In just ten minutes, Bradley Hayes saved his college career.
During last year’s Round of 32 NCAA tournament game against Eastern Washington, Georgetown Head coach John Thompson III was forced to put the seldom-used seven-footer into the game, after big men Joshua Smith and Mikael Hopkins each picked up two quick fouls. The presence of Hayes, a perennial benchwarmer, didn’t instill much confidence in Hoya fans; heading into the tournament, the junior had committed more fouls in his career than he had scored points. As he shuffled onto the court, the reaction of the game’s announcers mirrored that of the Georgetown faithful: this wasn’t going to end well.
Hayes, however, had other plans. Two offensive rebounds produced two easy scores for the 275-pound center, a surprising spurt of production that had color commentator Reggie Miller at a loss for words. Hayes added four more points and four more rebounds to close out the first half, sparking a 28-12 run for the Hoyas that would prove to be the difference in the game. Hayes wouldn’t see the court in the second half, but his message to Hoya fans was clear: I’m not done yet.
“That was just a small image of what I can do,” Hayes said. “I can do a lot better and a lot more. So now I just try and go out in the season and show it.”

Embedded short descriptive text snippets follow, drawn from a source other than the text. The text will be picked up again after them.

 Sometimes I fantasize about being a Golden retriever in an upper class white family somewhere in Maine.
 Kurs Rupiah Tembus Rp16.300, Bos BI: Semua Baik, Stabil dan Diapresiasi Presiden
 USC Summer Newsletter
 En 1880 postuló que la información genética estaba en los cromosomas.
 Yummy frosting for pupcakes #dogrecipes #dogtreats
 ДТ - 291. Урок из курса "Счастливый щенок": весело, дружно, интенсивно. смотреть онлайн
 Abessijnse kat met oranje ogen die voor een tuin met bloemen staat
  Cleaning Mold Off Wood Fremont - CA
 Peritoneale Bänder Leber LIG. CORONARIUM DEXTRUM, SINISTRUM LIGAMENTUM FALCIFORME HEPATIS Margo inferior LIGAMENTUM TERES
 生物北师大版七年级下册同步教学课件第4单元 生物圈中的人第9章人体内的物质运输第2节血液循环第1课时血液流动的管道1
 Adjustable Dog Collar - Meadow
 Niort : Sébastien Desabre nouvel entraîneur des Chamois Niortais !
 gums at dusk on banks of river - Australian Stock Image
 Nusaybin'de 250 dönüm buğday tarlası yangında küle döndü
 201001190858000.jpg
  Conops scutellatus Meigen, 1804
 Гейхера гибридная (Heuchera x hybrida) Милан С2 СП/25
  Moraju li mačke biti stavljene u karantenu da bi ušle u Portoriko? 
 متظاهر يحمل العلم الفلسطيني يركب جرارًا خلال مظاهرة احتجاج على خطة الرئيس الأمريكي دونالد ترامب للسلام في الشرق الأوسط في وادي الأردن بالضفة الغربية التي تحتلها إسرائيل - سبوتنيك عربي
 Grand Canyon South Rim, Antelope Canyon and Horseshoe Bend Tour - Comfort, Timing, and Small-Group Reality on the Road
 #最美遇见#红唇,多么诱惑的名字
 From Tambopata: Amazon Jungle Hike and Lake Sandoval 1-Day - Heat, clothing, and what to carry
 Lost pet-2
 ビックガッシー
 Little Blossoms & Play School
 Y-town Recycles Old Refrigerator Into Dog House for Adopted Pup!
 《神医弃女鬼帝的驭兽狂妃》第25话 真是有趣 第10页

Hayes’ coaches and teammates also viewed the Eastern Washington game as a major turning point in the center’s development.
“Being quite honest, he played well in the NCAA Tournament,” Thompson said. “And he hasn’t stopped, so it’s kind of like an ‘a-ha” moment.”
“He’s had a great summer, and in practice he’s been killing,” said sophomore forward Isaac Copeland. “Scoring in the paint, clearing the rim, doing what we need out of a seven-foot big man right now.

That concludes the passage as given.